Sometimes being good at dealing with conflict can be a gift and a curse, as I can help a lot people, but sometimes I tend to avoid conflict even when it is necessary. That is my weakness and it is a positive benefit of conflict because when you talk things out you realize where you and your partner stand, also it lowers stress, as one is not repressing his/her feelings from the other. Conflict occurs when people are interdependent in other words your actions has consequences on another human being. For example, if my girlfriend is sad it has an affect on my mood.
Conflict can also occur if two people are chasing different goals. If my girlfriend wants to live in a house and I want to live in an apartment we will have conflict as if one goal is achieved the other cannot be achieved. There are 4 categories of conflict: goals to be pursued (house or apartment), allocation of resources such as money or time, decisions to be made (buy the house or apartment which impacts whether you either work full time or go to college), and acceptable or unacceptable behaviours.
Though I’m good at dealing with conflict in my personal life, it is difficult and a weakness of mine of dealing with it in my work. Particularly because I’m at a job that I really enjoy and do not want to go against the grain because I do not want to get fired or thought less of. Sometimes I disagree with something that my boss proposes, but I do not want to disagree in fear that he will get offended. Thus if there is a conflict in my workplace or a chance of a potential conflict, just avoid it.
I understand that conflict is not bad in the workplace and I will try to work on that particular issue because if I’m not being myself and authentic, then how important is the money? In addition the positive benefits of conflicts are to examine that otherwise might be avoided (for instance if my boss’ proposition is bad for the company I would helping the company if I offered a different alternative). There are five strategies of dealing with conflict: the first one is fighting actively which is instead of avoiding the conflict talking about it openly and honestly.
The second strategy is talking about the conflict and actually listening with an open mind. The third strategy is evaluation; that is instead of judging what the other person is saying, also changing the language from “you to l”, thus one accepts responsibility for this conflict. Changing you messages into I messages is productive because it reduces defensiveness while also making it safe for the other person to talk about the conflict openly and honestly. Although I’m good at listening to my friends and family I tend to be poor at listening during work.
For instance if I’m talking to a client sometimes I zone out and just respond on autopilot (cliche speak).

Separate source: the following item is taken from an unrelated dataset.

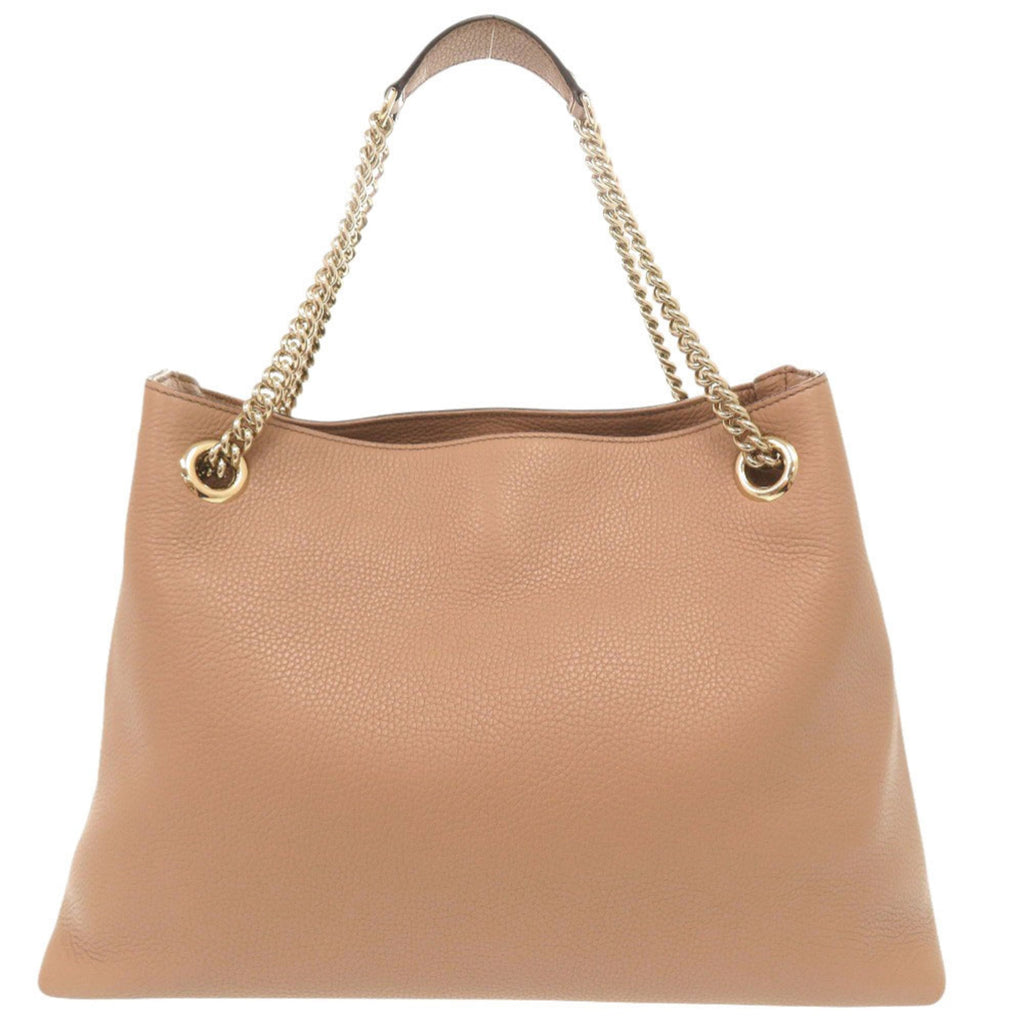 Gucci Beige Leather Shoulder Bag Tote Bag (Pre-Owned)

There was this one time a co-worker was talking to me, but I was so busy in my paper work that I pretended to listen by nodding and using facial expressions as it turned out my co-worker told me to tell our boss that she was leaving early to pick up her children; I forgot to tell him (he was away when she left) and as a result he got very angry and scolded her which made her very humiliated and made me feel terrible.
I think I’m a poor listener at work because I tend to be a perfectionist so I focus on the task at hand too much. Since my boss uses the delegate style of leadership I put a ton of pressure on myself to complete the task thus I have to do a better job in the future of focusing on the task while also listening to co-workers and helping them as well. I tend to be a independent worker so I have to become better at being a interdependent person in the workplace and work better in teams. Thus I can unlock my highest potential while at the same time help someone reach his or her highest potential.